Ugly, neotenic looking troglodytes somewhat resembling fat pink garden worms. :shock:


----------



## CarpetPythons.com.au (Sep 30, 2010)

Waterrat: Are you not supposed to be mingling with the foreigners?


----------



## cmclean (Sep 30, 2010)

They are owned by Piet Nuijten from Holland, these are his project animals.


----------



## ezekiel86 (Sep 30, 2010)

Waterrat said:


> Ugly, neotenic looking troglodytes somewhat resembling fat pink garden worms. :shock:


 
God M that one cracked me up big time...have not hurd the good old troglodytes for ages hahaha 10points lol


----------



## Scleropages (Sep 30, 2010)

Waterrat said:


> Ugly, neotenic looking troglodytes somewhat resembling fat pink garden worms. :shock:


 
hahahah!


----------



## 1issie (Sep 30, 2010)

Waterrat said:


> Ugly, neotenic looking troglodytes somewhat resembling fat pink garden worms. :shock:



Hahahaha,i wouldn't mind one.


----------



## VeLLiKi (Sep 30, 2010)

My 2 cents...

NUYTEN REPTILES


----------



## byron_moses (Sep 30, 2010)

yeah im not to much of a fan would prefer a nice pair of calicos


----------



## pythonmum (Sep 30, 2010)

Interesting site. My favourite is the red BHP in one of his photos with several morphs. The albino bodies are lovely, but the head is disconcerting. I personally prefer the hypos/golds being developed here, but that's probably because I'm used to the normal form.


----------



## ANT22 (Sep 30, 2010)

thanks for all the replies guys. byron_moses would you happen to have any photos of a calico?


----------



## blakehose (Sep 30, 2010)

They really don't take my fancy... I agree with Byron!


----------



## bigi (Sep 30, 2010)

here Ant22 check them out here
[*no links please to non-sponsors*]
or Den has a site also,
Den Pythons-Specialising in Black Headed Pythons
without a doubt the two best breeders of BHP's in Aus


----------



## Darlyn (Sep 30, 2010)

Not my cup of tea : ?


----------



## PimmsPythons (Oct 1, 2010)

love em.i'll take a pair,but not this season.still to expensive for me.


----------



## reptilian1924 (Oct 1, 2010)

l personally don't like the look of these Black-Headed Pythons with a white head and pink eyes, to me they look like they have had their head dipped into white paint and their eyes painted pink, l myself would much prefer the calicos or those from Northwest Queensland, that have plenty of red and orange and yellow in their complexion.

So who on earth would want to pay $10-000 or more for a Black-Headed Python with a whyte head and pink eyes not me no-way, each and everyone to their own for what they want or pay for out of their own pocket


----------



## deebo (Oct 1, 2010)

I know I would part with large sums of money for one.....I would like to see an albino BHP that would normally have the bold black stripe running downs its back - reckon that could look cool.

Gimme, gimme, gimme!


----------



## smeejason (Oct 1, 2010)

Would have one in a flash.. would also meen i would have a second ex wife if i parted with 10k for a snake


----------



## yommy (Oct 1, 2010)

smeejason said:


> Would have one in a flash.. would also meen i would have a second ex wife if i parted with 10k for a snake


 
Plenty of wives in the sea, not many Albino BHP's. 

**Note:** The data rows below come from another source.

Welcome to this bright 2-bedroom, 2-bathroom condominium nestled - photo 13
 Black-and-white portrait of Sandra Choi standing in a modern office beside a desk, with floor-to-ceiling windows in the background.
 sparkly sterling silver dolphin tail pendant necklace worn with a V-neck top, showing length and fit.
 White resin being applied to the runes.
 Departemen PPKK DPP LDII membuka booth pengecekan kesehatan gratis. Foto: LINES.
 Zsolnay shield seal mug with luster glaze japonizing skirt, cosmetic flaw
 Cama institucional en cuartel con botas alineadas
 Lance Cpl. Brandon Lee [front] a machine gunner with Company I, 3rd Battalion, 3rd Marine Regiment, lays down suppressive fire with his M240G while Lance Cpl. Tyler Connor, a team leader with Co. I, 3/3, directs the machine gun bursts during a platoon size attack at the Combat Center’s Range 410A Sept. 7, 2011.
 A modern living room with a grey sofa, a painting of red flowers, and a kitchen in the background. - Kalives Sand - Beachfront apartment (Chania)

A healthy breeding pair of those would take away the sadness of having to find number 3


----------



## pythons73 (Oct 2, 2010)

yommy said:


> Plenty of wives in the sea, not many Albino BHP's.
> 
> A healthy breeding pair of those would take away the sadness of having to find number 3


 + in a few years time,they would pay for themselfs...the longer u have wife,there more dollars they spend...lol....the more years u have with these,ur bank balance will increase..IMO there may be a few of these around here within a few years....


----------



## BARRAMUNDI (Oct 2, 2010)

Albino BHPS, puts the shizzle on my wizzle........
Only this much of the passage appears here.